Shoot for a higher score

jeremyhouser-ms · jeremyhouser-ms · commit aa1c7dfdcf12 · 2025-06-25T19:55:22.000-05:00
diff --git a/articles/operator-nexus/troubleshoot-kubernetes-cluster-node-cordoned.md b/articles/operator-nexus/troubleshoot-kubernetes-cluster-node-cordoned.md
@@ -10,20 +10,22 @@ author: jeremyhouser-ms
 ---
 # Troubleshoot a KubernetesCluster with a node in NotReady,Scheduling Disabled state
 
-The purpose of this guide is to show how to troubleshoot a kubernetes cluster when some of it's nodes fail to uncordon, remaining in `Ready,SchedulingDisabled`
+The purpose of this guide is to show how to troubleshoot a KubernetesCluster when some of it's nodes fail to uncordon, remaining in `Ready,SchedulingDisabled`.
 
 ## Prerequisites
 
 - Ability to run kubectl commands against the KubernetesCluster
-- Familiarity with the capabilities referenced in this article by reviewing the [Baremetalmachine actions](howto-baremetal-functions.md).

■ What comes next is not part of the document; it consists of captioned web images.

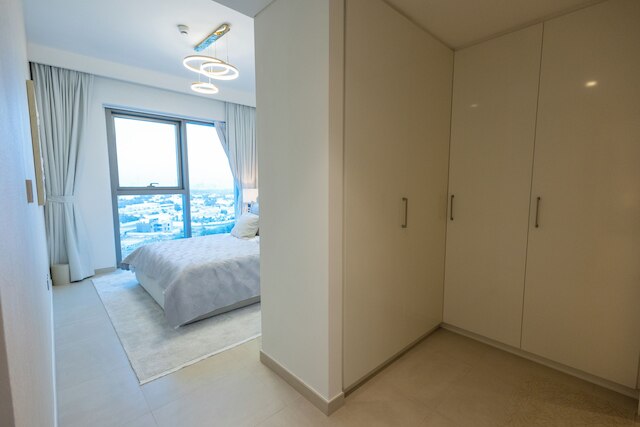 メゾン プリヴェ - エレガント アーバン ステイ ジャスト ステップス フロム バージュ カリファ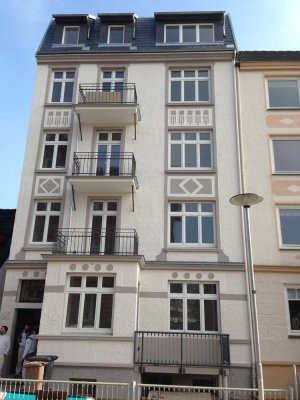 sonnige charmante 3 Zimmer Wohnung in Stadtparknähe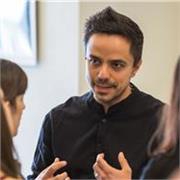 Designer creativo con oltre 20 anni di esperienza, guiderò il tuo percorso di apprendimento personalizzato su Adobe Photoshop e gli altri programmi della suite Adobe. Offro lezioni private online e in presenza (zona Prato, Firenze previo accordo) per tras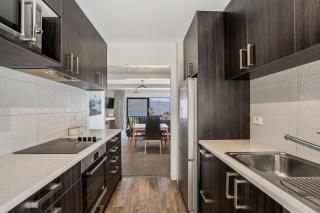 Town Centre Location with Stunning View - Unit 3 - 3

+- Familiarity with the capabilities referenced in this article by reviewing the [Baremetalmachine actions](howto-baremetal-functions.md)
 
 ## Typical Cause
 
-During a runtime upgrade, before the BareMetalMachine is shutdown for reimaging, the machine lifecycle controller will cordon and attempt to drain the VirtualMachine resources which underpin the KubernetesCluster Nodes scheduled to that BareMetalMachine. Once the BareMetalMachine has been brought back up, the expectation is that VirtualMachines running on the host will reboot, reschedule to the BareMetalMachine, and then uncordon and become `Ready`. A race condition may occur in which the MachineLifecycleController fails to find the virt-launcher pods responsible for scheduling VirtualMachines to appropriate BareMetalMachines as they themselves have not yet been scheduled. Our hypothesis is that the virt-launcher's associated OS image pulling job has not yet completed when the MachineLifecycleController examines these virt-launcher pods during the uncordon action execution. This problem should appear only during uncordon actions, infrequently on small clusters but frequently for large clusters, as multiple concurrent image pulls will result in longer scheduling times.

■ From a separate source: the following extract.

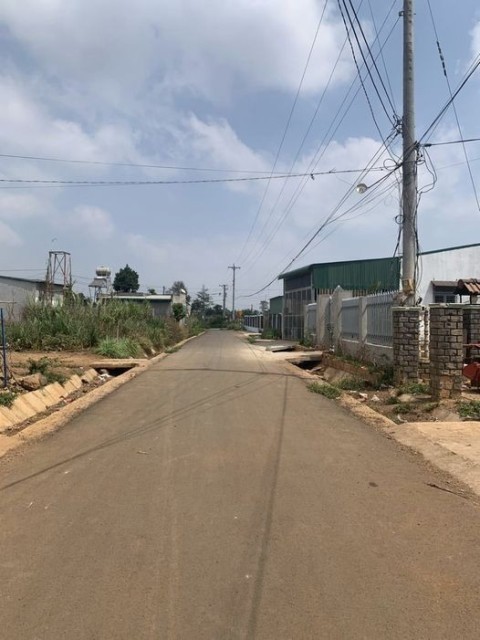 BÁN GẤP ĐẤT ĐƯỜNG NHỰA GẦN ỦY BAN XÃ PHÚ...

+During a runtime upgrade, before a BareMetalMachine is shutdown for reimaging, the machine lifecycle controller will cordon and attempt to drain VirtualMachine resources scheduled to that BareMetalMachine. Once the BareMetalMachine has resolved the reimaging process, the expectation is that VirtualMachines running on the host will reschedule to the BareMetalMachine, and then uncordon and become `Ready`.
+
+However, a race condition may occur in which the MachineLifecycleController fails to find the virt-launcher pods responsible for scheduling VirtualMachines to appropriate BareMetalMachines. This is believed to be because the virt-launcher pod's OS image pulling job has not yet completed. Only after this image pulling process is complete will the pod be scheduled to a node upon which it will deploy the VirtualMachine. When the MachineLifecycleController examines these virt-launcher pods during the uncordon action execution, it cannot find which BMM it is tied to, and skips the resource.0 This problem should appear only during uncordon actions, infrequently on small clusters but frequently for large clusters, as multiple concurrent image pulls will result in longer scheduling times.
 
 ## Procedure
 
-This procedure may be performed at any time after the issue occurs to quickly resolve the fallout of the race condition. 
+After KubernetesCluster Nodes have been discovered in the `Ready,SchedulingDisabled` state, the following remediation may be engaged.
 
 1. Use kubectl to list the nodes using the wide flag. Observe the node in **Ready,SchedulingDisabled** status.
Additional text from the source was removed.